Botijo, Electricity Free, Clay, Water Cooler

 

 

The Botijo is an amazing example of a low/no tech water cooler and it looks pretty good as well!

The Botijo is made of porous clay (with no glaze), when filled, the water permeates through to the outside and works like an evaporative cooler. The filtered water evaporates off the outer surface, cooling  the water inside, and the walls of  the Botijo and the immediate environment (put a small fan behind it and create a low tech, energy saving, personal evaporative cooling air conditioner!)

The Botijo has been used here in Spain for centuries as a water cooler and is still used to this day, it is a wonderful example of an inexpensive, nearly forgotten, ancient design and technology using evaporative cooling that just works!

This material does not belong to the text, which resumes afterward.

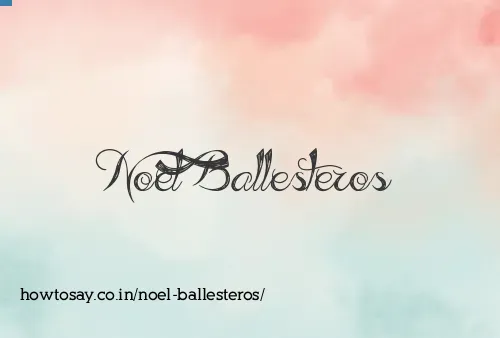 Noel Ballesteros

The big spout is for filling the Botijo with water, the small spout is for drinking the cool water, Botijo etiquette demands the lips do not touch the drinking spout as it is usual that more than one person will be drinking from the Botijo. To save pouring cold water down the novice drinker’s front it probably makes sense to pour the water into a glass first!

This water cooler holds about 6.5 litres of water, the drier the heat the better for evaporative cooling. Fill it in the morning and all day long cool drinking water will be available with no cost in electricity.

My personal opinion is that the water tastes better after it has been in the Botijo for a while, and we have spring water! It is said that the minerals in the clay create that taste.

William-Adolphe Bouguereau's Thirst (1886)

Image via Wikipedia

 

I tried a little experiment, I filled the Botijo water cooler and put it on a granite table in full sun, normally one would place it in the shade to aid evaporative cooling. When I returned a couple of hours later the granite top was just off hot to touch and yet the Botijo was cold to touch and the water was cool.

I am guessing the moisture around the lower half of the Botijo was due to the evaporative cooling of the heat of the granite top ‘pulling’ water through the clay to dissipate the heat. The small area directly under the Botijo was the only part of the granite top that was cool!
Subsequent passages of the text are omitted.